Linux server ran out of memory stopped everything except ssh and swap was unused
Solution 1:
From the log output apache is trying to malloc a very large allocation. To figure out why you'll probably need to look at your apache setup and see what can do that (are you using mod_perl, mod_python, etc). If you can't find it that way you can put a proxy like nginx in front of apache and then nginx will log which request failed. If you want you can run nginx on the same host and just use the limits command to restrict apache so it gets killed before the oom killer is invoked (letting nginx continue, or urlsnarf, etc).
The flush PID is the kernel thread that handles syncing VFS cache buffers. Most likely related to the rm. You can verify by looking up the flush thread and which device its working for and verifying thats the device rm was working on:
# ps axwwu | grep flush
root 21658 0.0 0.0 0 0 ? S 21:33 0:00 [flush-8:16]

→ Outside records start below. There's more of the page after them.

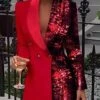 Women‘s Cocktail Party Dress Wedding Guest Dress Sequin Dress And Jacket Set Black Champagne Pink Long Sleeve Pure Color Sequins Winter Fall Spring Deep V Mature Date 2023 S M L XL 2XL -Tesla Style hpgccs1671091187705
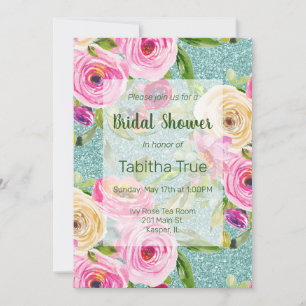 Invitación Rosas acuarelas Aqua Purpurina Bridal Shower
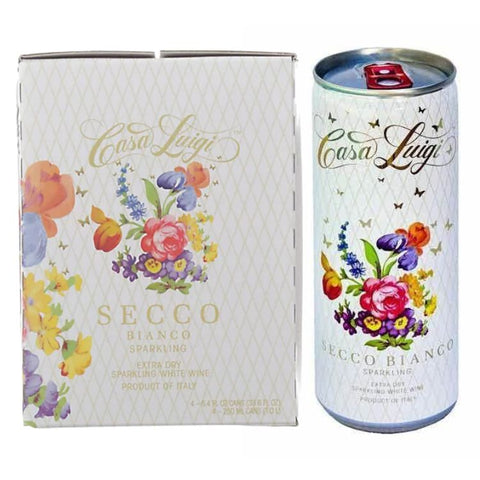 Casa Luigi Secco Bianco Sparkling - 250ml x 4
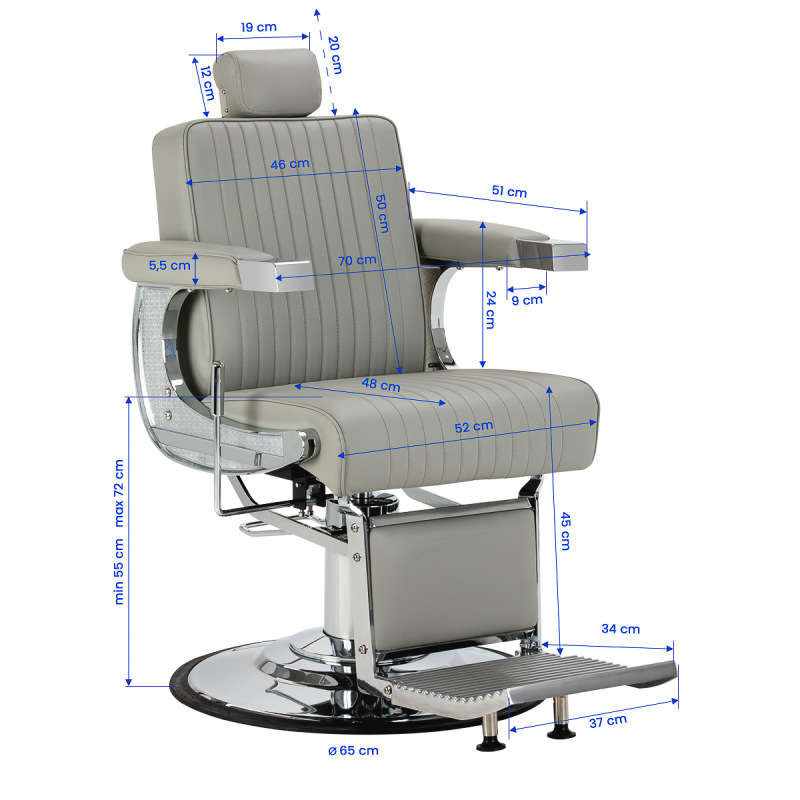 BARBERSKÉ KRESLO GABBIANO VISIONERIO – ŠEDÉ | Chrómový rám 17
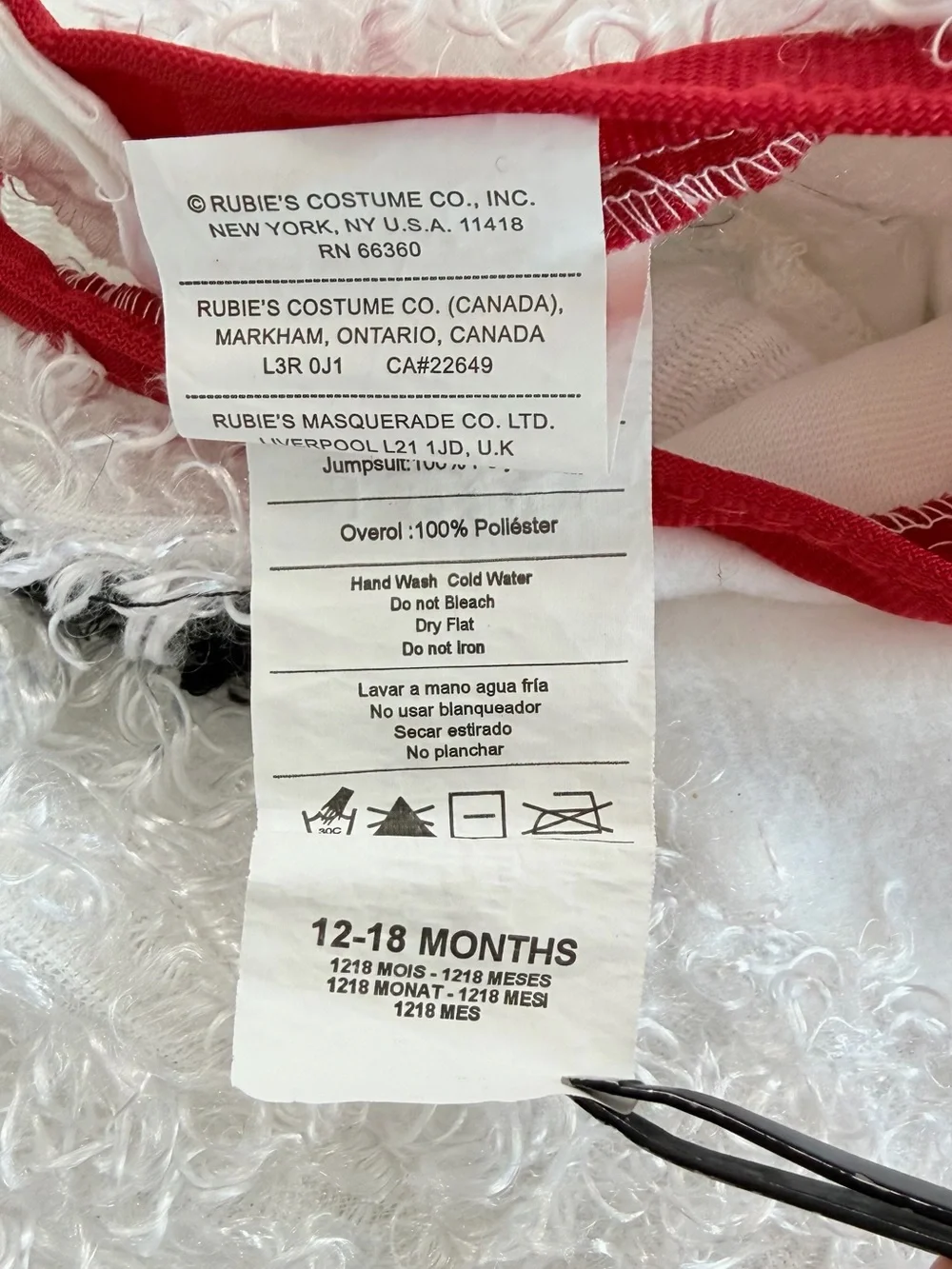 Rubie's Dalmatian Soft White furry Dog Puppy Baby Halloween Costume 12-18 month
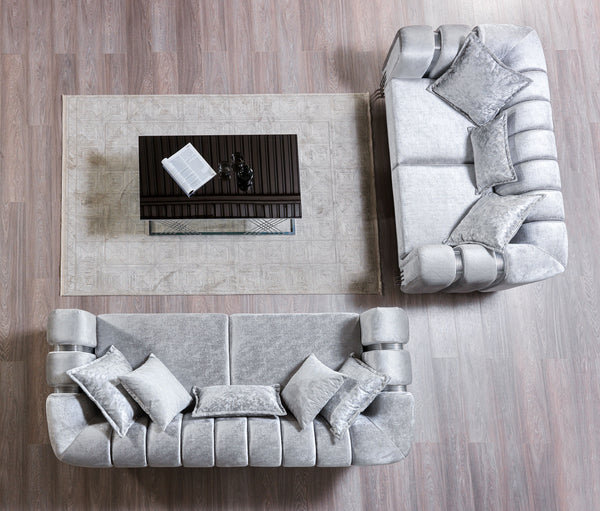 Santana Silver Velvet Sofa 89" & Loveseat 69" Pay On Delivery $1,520.00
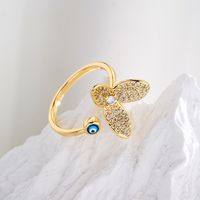 New Style Flower Eye Copper Plating 18k Gold Dripping Oil Open Zircon Ring main image 2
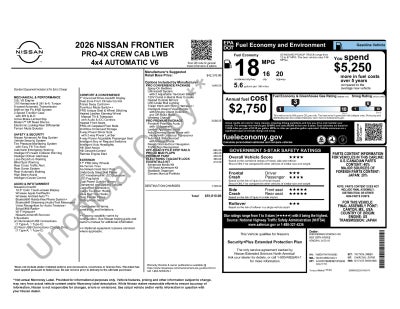 2026 Nissan Frontier PRO-4X Premium Package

# ls -l /dev/ | grep 8 | grep 16
brw-rw---- 1 root disk 8, 16 2011-09-13 13:53 sdb
Solution 2:
Your system has run out of low memory (RAM which is directly mapped into the kernel virtual memory space). In a 32-bit Linux system the kernel can use at most about 700-800 MB of physical RAM for its internal data (and adding more RAM actually makes the situation worse, because more low memory is needed for the data structures used by the memory manager). The rest of RAM goes into the “high memory” zone, which can be used by userspace processes and the page cache, but is not usable for the kernel itself.
Excerpt from your logs:
DMA free:2908kB ... present:15808kB ...
Normal free:5376kB ... present:719320kB ... slab_reclaimable:664084kB slab_unreclaimable:11976kB ...
HighMem free:149216kB ... present:1336932kB ...
The DMA zone is the low 16 MB needed to work with obsolete ISA devices; these days it can mostly be ignored. Low memory is the DMA and Normal zones together; only this memory can be used to hold kernel data. The rest of memory goes to the HighMem zone.
Note that there was plenty of free memory in the HighMem zone, but the system still ran out of memory, because the memory was needed for some structures used by the kernel, and HighMem is not suitable for this. And most of the Normal zone was occupied by the slab cache (slab_reclaimable
and slab_unreclaimable
) — this is another kernel memory allocator, used to allocate blocks smaller than a page. Unfortunately, it is impossible to find out from your logs which slab allocations took so much memory (current slab cache usage statistics can be read from /proc/slabinfo
; maybe you will want to set up some monitoring for this data).
The real problem might be some memory leak bug in the kernel; monitoring /proc/slabinfo
should help to find out the reason if the problem happens again.